Having reviewed the parties submissions, as well as the record below, the Court finds and concludes as follows:

1. Posture. In August 1999, Claimant filed with the Department of Labor, Division of Unemployment a petition for unemployment insurance benefits after being terminated from her job with The Lenfest Group, d/b/a Suburban Cable TV ("Employer" or "Suburban"). A claims deputy granted Claimant's petition, and Employer appealed. After conducting a hearing, an appeals referee reversed the claims deputy, and Claimant appealed to the Board. The Board heard further evidence and granted Claimant's petition for benefits. Employer appealed to the Superior Court.

2. This Court reversed the Board's decision and remanded the cause for application of the appropriate theory of law and resolution of conflicts in the evidence. On remand, the Board held a hearing and issued a decision on November 14, 2000, denying Claimant's petition. Claimant filed a timely appeal to this Court. Briefing is complete, and the issues are ripe for decision.
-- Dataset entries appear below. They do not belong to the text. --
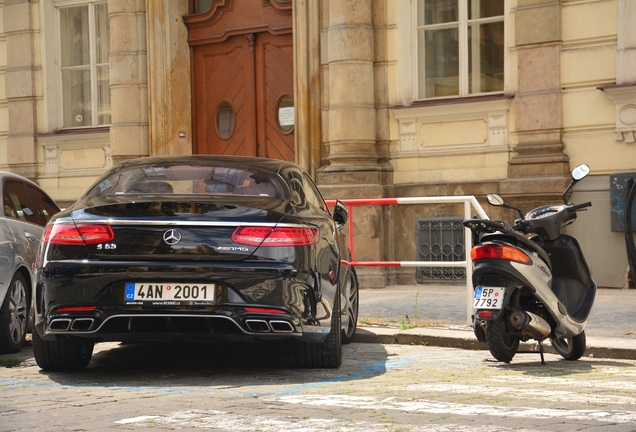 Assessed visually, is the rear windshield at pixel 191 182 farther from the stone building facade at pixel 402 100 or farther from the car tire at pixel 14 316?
the stone building facade at pixel 402 100

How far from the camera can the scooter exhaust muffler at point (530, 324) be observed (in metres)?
7.32

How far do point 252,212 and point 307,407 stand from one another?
160 cm

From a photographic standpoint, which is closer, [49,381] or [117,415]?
[117,415]

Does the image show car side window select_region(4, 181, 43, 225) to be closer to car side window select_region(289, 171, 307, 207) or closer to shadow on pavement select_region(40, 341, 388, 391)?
shadow on pavement select_region(40, 341, 388, 391)

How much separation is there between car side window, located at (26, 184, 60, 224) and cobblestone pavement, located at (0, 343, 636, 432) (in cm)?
174

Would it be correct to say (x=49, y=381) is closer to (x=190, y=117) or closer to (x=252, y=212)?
(x=252, y=212)

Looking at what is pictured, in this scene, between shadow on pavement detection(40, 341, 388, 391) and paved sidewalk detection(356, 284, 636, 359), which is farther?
paved sidewalk detection(356, 284, 636, 359)

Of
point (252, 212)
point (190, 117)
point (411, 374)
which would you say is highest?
point (190, 117)

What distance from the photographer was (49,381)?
688cm

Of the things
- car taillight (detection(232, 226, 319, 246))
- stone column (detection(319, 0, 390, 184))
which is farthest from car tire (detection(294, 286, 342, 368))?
stone column (detection(319, 0, 390, 184))

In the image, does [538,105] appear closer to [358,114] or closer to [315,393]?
[358,114]

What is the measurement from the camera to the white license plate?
21.9 ft

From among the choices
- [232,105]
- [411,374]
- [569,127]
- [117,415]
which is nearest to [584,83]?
[569,127]

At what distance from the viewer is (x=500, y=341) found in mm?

Lenfest Group d/b/a Suburban Cable v. Jeffers UIAB, Del. Super., C. A. No. 00A-01-006, Barron, J. (Aug. 14, 2000) (ORDER).

3. Facts. Claimant worked for Suburban as a customer service representative from June 29, 1998, through August 25, 1999. Her sole responsibility was to answer telephone calls from customers and resolve as many problems as possible.
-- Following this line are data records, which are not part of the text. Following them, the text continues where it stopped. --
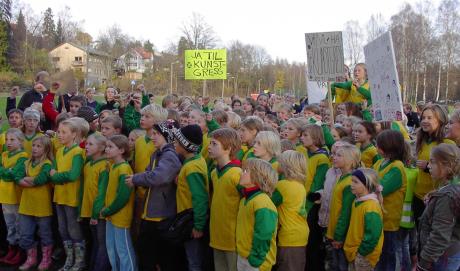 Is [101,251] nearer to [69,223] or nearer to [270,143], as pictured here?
[69,223]

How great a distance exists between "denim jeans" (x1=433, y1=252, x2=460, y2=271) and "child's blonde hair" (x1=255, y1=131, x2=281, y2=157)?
188cm

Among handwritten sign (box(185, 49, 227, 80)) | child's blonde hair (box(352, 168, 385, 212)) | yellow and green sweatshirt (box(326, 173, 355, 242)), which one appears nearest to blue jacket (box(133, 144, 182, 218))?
yellow and green sweatshirt (box(326, 173, 355, 242))

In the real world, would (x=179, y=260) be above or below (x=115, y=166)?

4. In May 1999, Claimant received a verbal warning because she had logged an unacceptably high number of "short calls," which Employer defines as any call lasting less than 10 seconds. Employer monitored the number of short calls logged by each customer representative because a short call was usually one that is either unresolved or unanswered. The acceptable number of short calls was 20 per month. Employer had an informal discussion (also referred to as a counseling session) with any employee who logged more than 20 short calls in one month. During May 1999, Claimant had a total of 274 short calls.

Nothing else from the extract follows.